Wake up folks! Go back to your Bibles and rediscover grace, reconciliation and unity as theme central to Christian faith.
Good: PamBG's Blog: Atonement, Justice and Reciprocity.
Good: How these Christians hate one another | Ekklesia.
Good: Turbulent Cleric: More on that Jeffrey John sermon.
Notice how both Pam, Simon and Paul start from actually reading and listening to others rather than leaping to wrong conclusions as Adrian's article sadly still demonstrates and as I tried to point out in 42: Do not read before slamming.
Also go and read Dean's atonement talk resulted in abuse and obscenity | Ekklesia which actually demonstrates clearly how Jeffrey John's talk is standard Church of England teaching. I am including the text of his letter to the Church Times newspaper (taken from the Ekklesia post).
The most recent statement by the Church of England on the meaning of the Cross is the Doctrine Commission’s report The Mystery of Salvation (Church House Publishing, 1995). It restates the view of the 1938 Commission that “the notion of propitiation as the placating by man of an angry God is definitely unchristian” (p. 213).
It also observes that “the traditional vocabulary of atonement with its central themes of law, wrath, guilt, punishment and acquittal, leave many Christians cold and signally fail to move many people, young and old, who wish to take steps towards faith. These images do not correspond to the spiritual search of many people today and therefore hamper the Church’s mission.”
Instead, it recommends that the Cross should be presented “as revealing the heart of a fellow-suffering God” (p. 113).
On Wednesday of Holy Week, I broadcast a Radio 4 talk that was exactly in line with this guidance. The talk, however, was publicly condemned beforehand by the Bishops of Durham, Lewes, and Willesden — none of whom had heard or read the full text — on the basis of a partial and inflammatory preview supplied by The Sunday Telegraph, which published an article with the scandalously false headline: “Easter message: Christ did not die for our sins”.
As a result, before the talk was even broadcast, I received a deluge of hate-filled messages. Most of them referred to my sexuality, and many were abusive and obscene.
I have now received another deluge of messages from people who actually heard the broadcast, overwhelmingly of thanks, including many from people who, like me, were held back from faith by crude presentations of the theory of penal substitution.
These messages confirm the Doctrine Commission’s diagnosis. Ugly, illogical explanations of the Cross hamper mission, and need to be counteracted with explanations that concentrate on God’s identification with human suffering.
The crucifixion did not placate an angry God and change his mind. The Trinity is not divided. Of course Christ died for our sins; but the price is paid not to God, but by God. God in Christ took all the consequences of our fallenness on himself, and, in the supreme demonstration of his love for us, made the ultimate, once-for-all sacrifice of himself which unites us eternally to him.

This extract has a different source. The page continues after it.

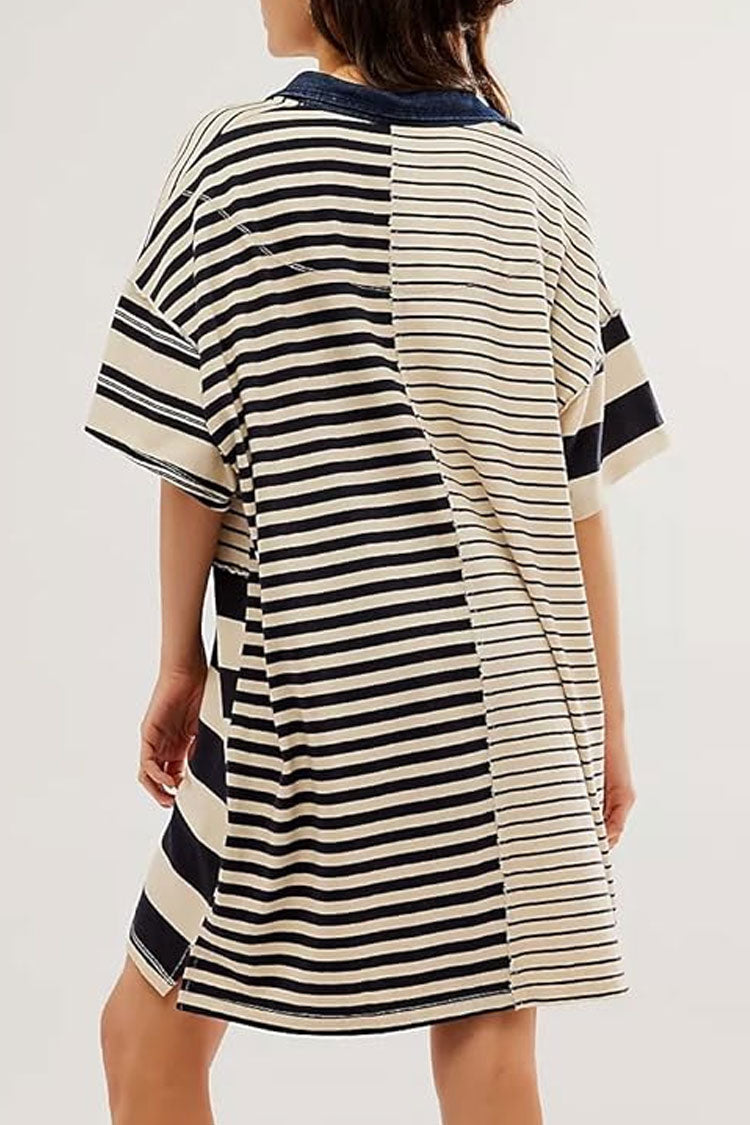 Oversized Stripe Print Patchwork Denim Collar Short Sleeve Mini T Shirt Dress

That is the doctrine the Church has urged us to preach, and we must not be intimidated from preaching it.
Amen!

Aren't you reading a little much into our english word... it's spelling isn't what defines the meaning of atonement...
Atonement brings us into relationship with God - as 1 Peter 3:18 makes very clear by the righteous Jesus' taking the place of the unrighteous us.

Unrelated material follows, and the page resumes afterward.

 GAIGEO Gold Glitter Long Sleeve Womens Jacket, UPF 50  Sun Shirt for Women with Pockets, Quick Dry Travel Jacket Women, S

Yes also wonderfully unity with one another - but both of those are the basis of what the cross achieves - this is precisely the issue on which unity and disunity must happen (thankfully bridging so many of the historic minor causes for division, as illustrated by the endorsements on Pierced for our Transgressions)

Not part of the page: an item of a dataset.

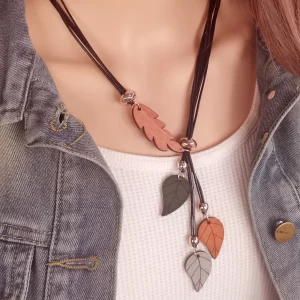 Collar con colgantes de hojas de madera étnica bohemia, collar llamativo Retro hecho a mano Vintage para mujer, joyería de moda para uso diario - AliExpress 36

Christian unity is based on something - and that thing is the blood of Jesus, isn't it?
Posted by: dave | Friday, April 20, 2007 at 07:41 AM
Dave,
I am not sure I understand your point. The definition makes it clear that atonement is about reconciliation of humankind with God through the cross. The way the word came about was to demonstrate that reconciliation resulted in being at one with God.
I have looked at all the articles that you have linked to. I have not yet got a copy of pierced for our transgressions - although I will order a copy.
I do accept that penal substitution is a valid model of atonement but I do not accept that it is the only one (and you have to ignore a great deal of Christian tradition to claim that it is).
I do not accept that it is always taught well and therefore I believe that it can lead to people having bad and inaccurate images of God (because it is one model and not the complete picture of atonement).
I do not accept that those who find that the violence in this method does not speak to them of God reconciling humankind through the cross are evil, lost or necessarily not evangelical.
I do believe that using a single model of atonement to divide the church is unscriptural and wrong.
No I do not think Christian unity is just based on the blood of Christ. It is based on the whole kaboosh from creation, through the incarnation (God becoming human - that should have a huge impact on how we perceive what it is to be human), through the teaching of Jesus, yes absolutely through his death for us on the cross, also through his resurrection and ascension. Finally Christian unity also depends on the creative work of the Father and the power of the Spirit (both resident and president in our lives).
It seems to me that Ephesians 4 that I have referred to before is a classic case of scripture requiring unity that comes from the totally of a divine Christ and all that it means through his birth, life, death, resurrection and ascension.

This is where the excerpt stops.